Consider a large, fixed $M>2$. For each $n$, let $\alpha_n$ denote the smallest algebraic integer of degree at most $n$, all of whose Galois conjugates lie in the real interval $(0,M)$.
Is there anything known on the rate at which $\alpha_n$ decays to $0$ as $n\to\infty$ ?
The exponential lower-bound $\alpha_n>\frac1 {M^{n}}$ is not hard to prove, but is it reasonable to expect that $\alpha_n$ will actually decay much more slowly, i.e. like an inverse power of $n$ ?
$\alpha_n$ can be exponentially small once $M$ is large enough, say $M \geq 6$.
For $m > 0$ let $\tau_m$ be the (monic, degree-$m$) polynomial such that $\tau_m(z+z^{-1}) = z^m + z^{-m}$; in other words, $\tau_m(x) = 2 T_m(x/2)$ where $T_m$ is the $m$-th Čebyšev polynomial.

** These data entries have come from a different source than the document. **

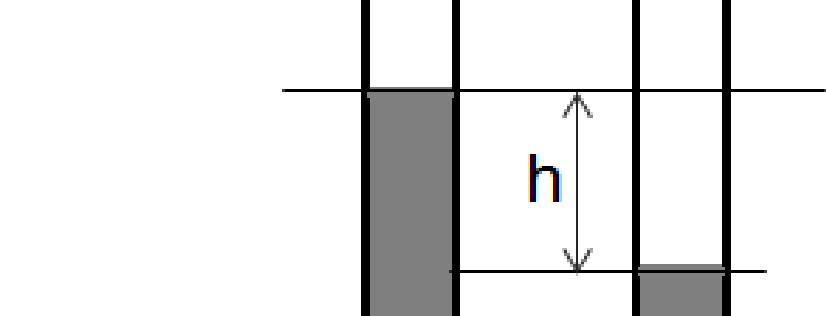 The height of the column, h, is 0.10 m. The liquid in the manometer is mercury (Hg). What is the pressure P? 20. A 10-meter rope has a diameter of 0.02 m.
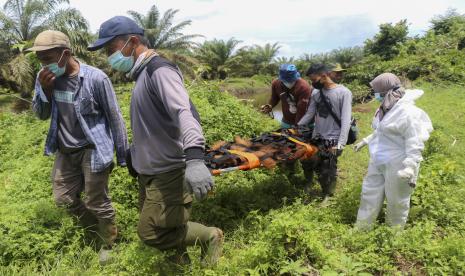 Tim patroli Balai Besar Taman Nasional Gunung Leuser (TNGL) menemukan satu individu orangutan Sumatra (Pongo abelii). Ilustrasi.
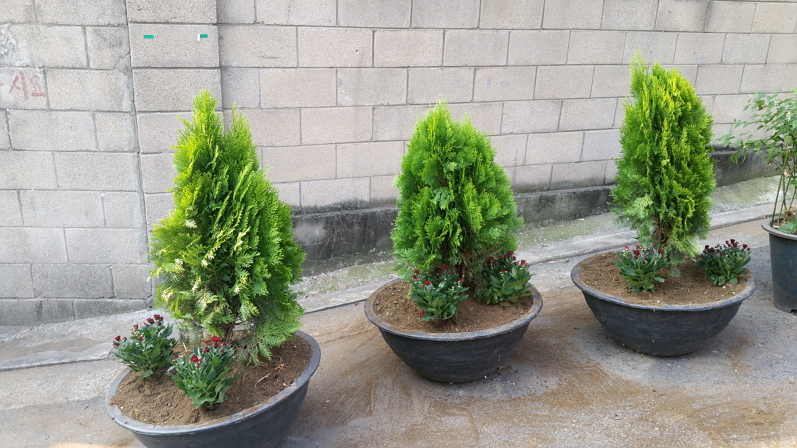 꽃질조성 완료사진(20151008.jpg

Then $\tau_m$ has all its roots real and contained in the interval $(-2,2)$, while there are $m+1$ points $x_0,x_1,\ldots,x_m$ with $$ 2 = x_0 > x_1 > x_2 > \ldots > x_m = -2 $$ at which $\tau_m(x_k) = (-1)^k \cdot 2$.
Now fix an integer $M>5$, for $n$ odd let $m$ be the even number $n-1$ and consider $P(x) = x \, \tau_m (x-(M-2)) - 1$. This is a monic polynomial with $P(1)=-1$, $P(M-4)>0$, and $P$ changing sign between $x_{k-1}$ and $x_k$ for each $k=1,2,\ldots,m$. Therefore it has $m+1=n$ real roots, all in $(0,M)$, and all but one greater than $M-4$. Moreover the product of these roots is $-P(0) = 1$. Hence the remaining root is smaller than $(M-4)^{1-n}$, which decays exponentially once $M-4>1$. (In fact $M=5$ is good enough because about half the roots exceed $M-2$.)
For example, if $M=10$ and $n=7$ this recipe yields the septic polynomial $$ x^7 - 48x^6 + 954x^5 - 10048x^4 + 59145x^3 - 184464x^2 + 238142x - 1, $$ with one root just below $4.2 \cdot 10^{-6}$ and the other six ranging from about $6.061$ to $9.936$.